A note in the back cover of the new edition of Among Those Present, D. B. Dhanapala's most famous book, says although Dhanapala's Sinhala writing was neither prolific nor unique, he attained an almost cult status for his writing in the Daily News.

He was also the founder of the Dawasa Group of Newspapers published by M.D. Gunasena & Company under the name and style of Independent Newspapers of Ceylon Limited challenging the supremacy of Lake House during the waning years of the Times of Ceylon.

Dhanapala's pen portraits were of a mix of people ranging from Anagarika Dharmapala to D.S. and Dudley Senanayake, G.P. Malalalasekara, Oliver Goonetilleke, Herbert Hulugalle, John Kotelawela, Nicholas Attygalle, L.H. Mettananda, S.W.R.D. Bandaranaike and many more.
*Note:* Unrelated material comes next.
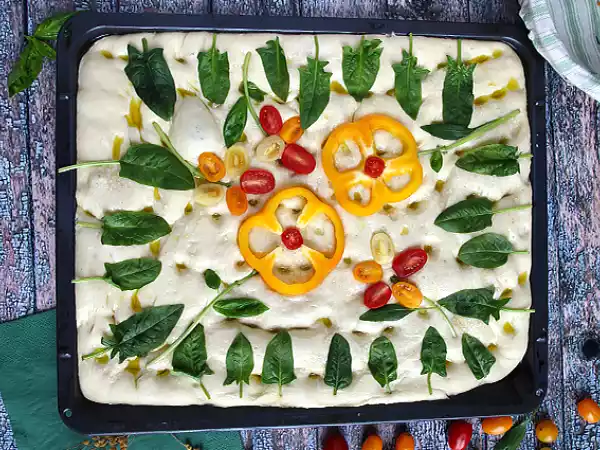 Recipe Floral focaccia - focaccia art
All this gave the Lankadeepa a special identity, which it retains to this day. Most of the noteworthy journalists in Sinhala were products of the Lankapeepa. This in essence led to D.B.Dhanapala being called "the doyen of Sinhala journalism".

==Journalism==
Dhanapala started in journalism working at the Ceylon Daily News newspaper published by the Lake House Group. He later moved on to take up a position as principal of Dharmaloak Vidyala in Kelaniya. From there he founded the Sinhala newspaper Lankadipa in 1948 – a newspaper which has the largest readership today, and commenced a long-standing friendship with fellow reporter PA Ediriweera. The newspaper began as a six-column tabloid in 1947 and was a standard seven-column daily newspaper by 1949. His ability to influence political thinking in the Sinhala-speaking population is believed to have caused concern among the politicians in power in the incumbent government (from the United National Party) as he supported the campaign of S.W.R.D. Bandaranaike in the 1956 general election.

==Career as author==
Dhanapala was a well-known biographer of leading personalities in Ceylon and is best known for his book on contemporary political figures Among those Present. His writing also includes work on Buddhist paintings from shrines and temples in Ceylon and the story of Sinhalese paintings.

==Travel industry==
Together with P. A. Ediriweera he founded the travel firm Ceylon Tours.

==Honours==
The Sri Lanka Press Institute commemorates his memory through the award of the D. B. Dhanapala Award for the Best Journalist.

===Family===
Dhanapala was married to Rathi Dhanapala teacher, poet, artist and author, and his family followed him into the media and creative fields. He was the father of filmmaker D. B. Nihalsinghe and photographer D. B. Suranimala, who married Ranjini Ediriweera (who acted in the film Wer stirbt schon gerne unter Palmen (1974) and later joined her brothers as a director of Ceylon Tours) the daughter of his friend and business partner PA Ediriweera.